Eyes Turned Skyward is a fast-paced, absorbing, and emotionally riveting story about a mother and daughter who are able to repair the fissures in their relationship as, individually, they attain an enhanced sense of self-worth, accomplishment, and place in the world. For Peggy, reckoning the emotional traumas of her past frees her to heal her relationship with her only daughter, while Kathy finds her voice and learns to express her desires and feelings, and insist upon being treated with respect. Dillon presents the story from an unabashedly feminist viewpoint, but never permits her narrative to lapse into a heavy-handed tone. Rather, she effectively explores her themes through the experiences of and challenges her characters face, allowing plot developments and her characters’ reactions to them to illustrate the various ways in which they are subjected to sexism and misogyny.

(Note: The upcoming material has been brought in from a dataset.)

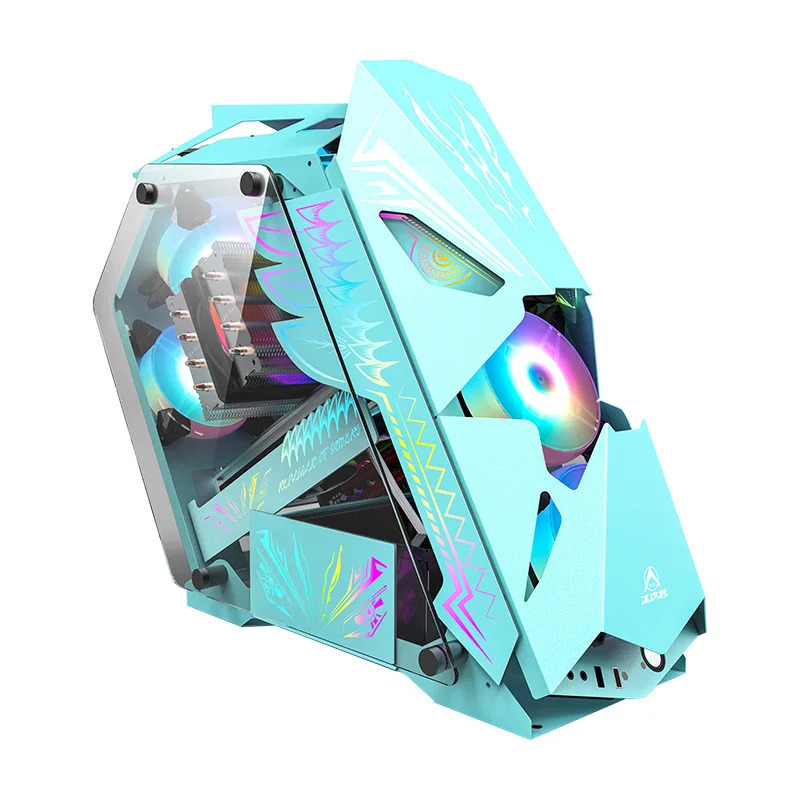 Wholesale Price OEM Computer H - Pc Gaming Prebuilt 评论和价格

Ultimately, Eyes Turned Skyward is an homage to the brave women of the WASP who served their country selflessly on a volunteer basis, contributing to America’s victory. Because of outdated notions about the role of women in the military, and society as a whole, they were denied the recognition they deserved alongside male pilots. The WASP were finally granted military status when President Jimmy Carter signed the G.I. Bill Improvements Act of 1977, which even he initially opposed. Still, few people know that the WASP, culled from a candidate pool of 25,000 and an entering class of 1,830, flew a total of sixty million miles in seventy-eight different types of aircraft, delivering over 12,000 planes. “They towed, transported, tested, and taught. They broke barriers. . . . But they had been the ones to demonstrate possibility.” At the age of fifty-five, the fictional character of Peggy Mayfield and the real, heroic WASP finally, “quietly became war veterans.” And now, thanks to Dillon, more people know about their sacrifice and achievements.